Records provided:
Content starts

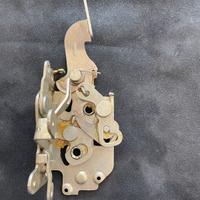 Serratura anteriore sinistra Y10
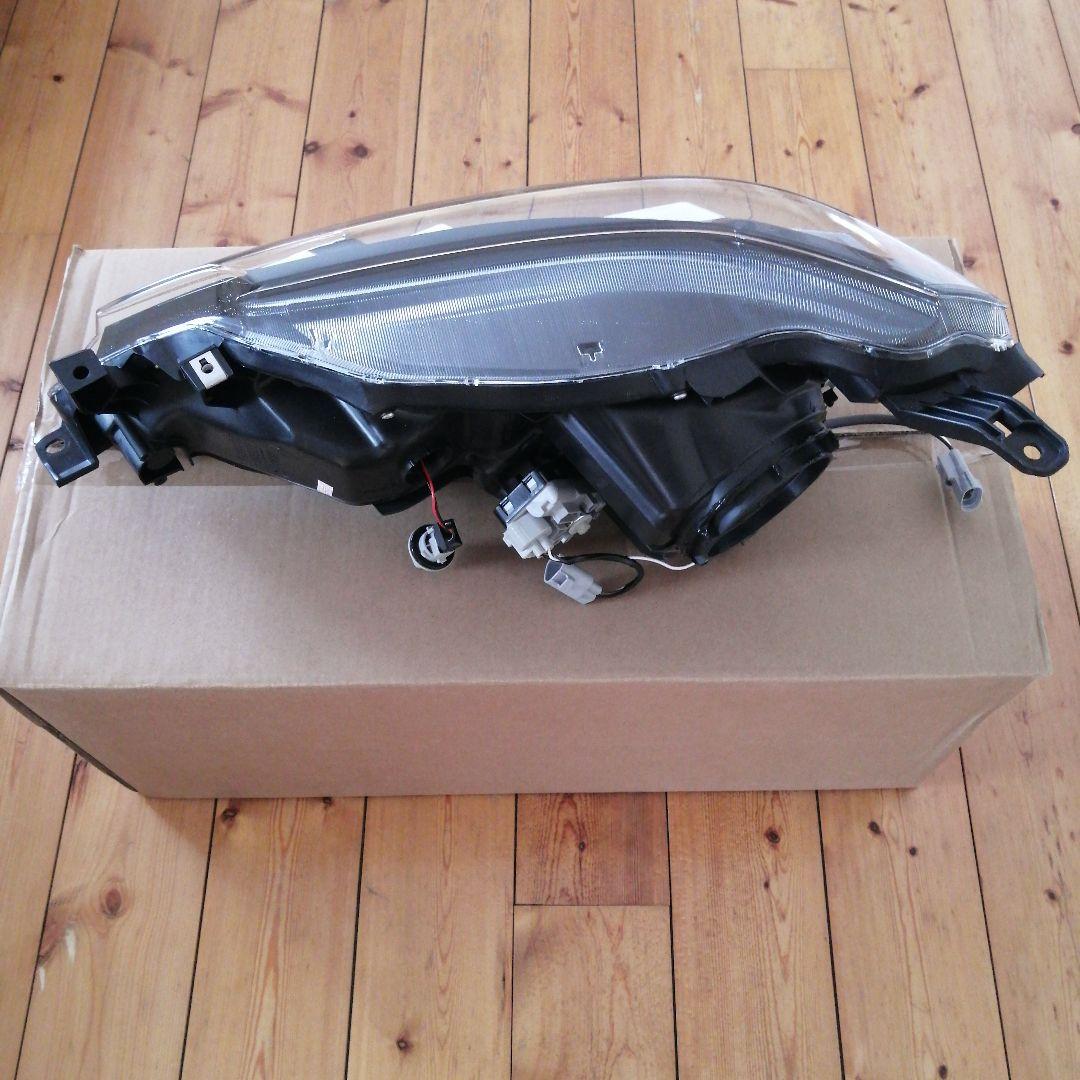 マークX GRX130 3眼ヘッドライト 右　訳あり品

Content ends
Content starts

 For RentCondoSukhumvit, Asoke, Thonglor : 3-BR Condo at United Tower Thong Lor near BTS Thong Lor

Content ends

Exercise description:
Within the listing above, print exactly the stretch beginning at the line that contains "Serratura anteriore sinistra Y10" and finishing at the line that contains "マークX GRX130 3眼ヘッドライト 右　訳あり品", ends kept, pictures left out, and nothing more.

Written response:
 Serratura anteriore sinistra Y10
 マークX GRX130 3眼ヘッドライト 右　訳あり品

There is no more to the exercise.